Jun 6, 2010

Killing Herndon - An Open Letter to the President

Dear President Obama,

On the 12th of September, 1857, a 43-year old United States Navy Commander was given leave of his military command to captain the commercial sidewheel steamship SS Central America from Panama to New York.

You see, this famous and vital run was not the sort of trip you trusted to amateurs, and especially not when carrying nearly 600 passengers and 15 tons of gold (worth $2,000,000 back then). So it was common practice for commercial shipping companies to employ military ship captains on these treacherous and important voyages to keep their crews, cargoes and passengers safe. After all, in the 1850’s, sailing through the Caribbean wasn’t a lazy jaunt past resort islands and pleasure cruisers.

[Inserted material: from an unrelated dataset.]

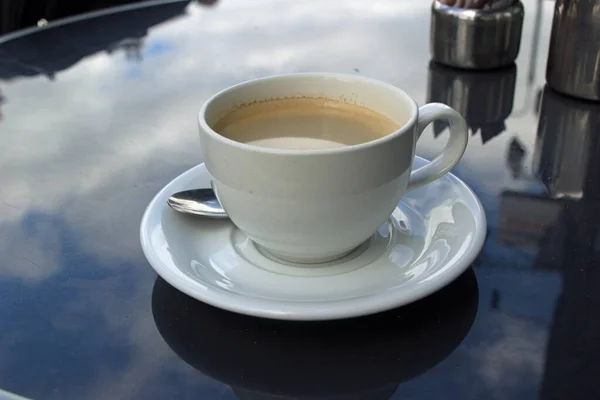 Zamknij ujęcie kawy na szklanym stole z zamazanym tłem — Zdjęcie stockowe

No, the dangerous waters just below North America were a festering stew of bad weather, vicious piracy, and unmarked shoals - and if you were going to make passage through them, when you looked up on the command deck of the boat, you wanted to see a man in uniform, a Navy man, and if you were fortunate enough, an Annapolis man.

And so it was with the 575 souls aboard the Central America. With the sweltering heat of summer just passed, wealthy travelers and dignitaries eagerly seized the opportunity to accompany one of the largest shipments of gold ever at that point back to New York where it promised untold wealth for the men who had previously sent it from the California coast down to the west side of Panama. Passage with the famous Commander Herndon (having just a few years before completed what was then the most comprehensive exploration of the South American Amazon basin), aboard the luxurious and newly-built Central America, and in the cooling autumn breezes meant that this normally treacherous journey would be as safe, comfortable and incident-free as could be afforded at the time. But after safely reaching, stopping into and subsequently leaving Havana, things took a turn for the worse.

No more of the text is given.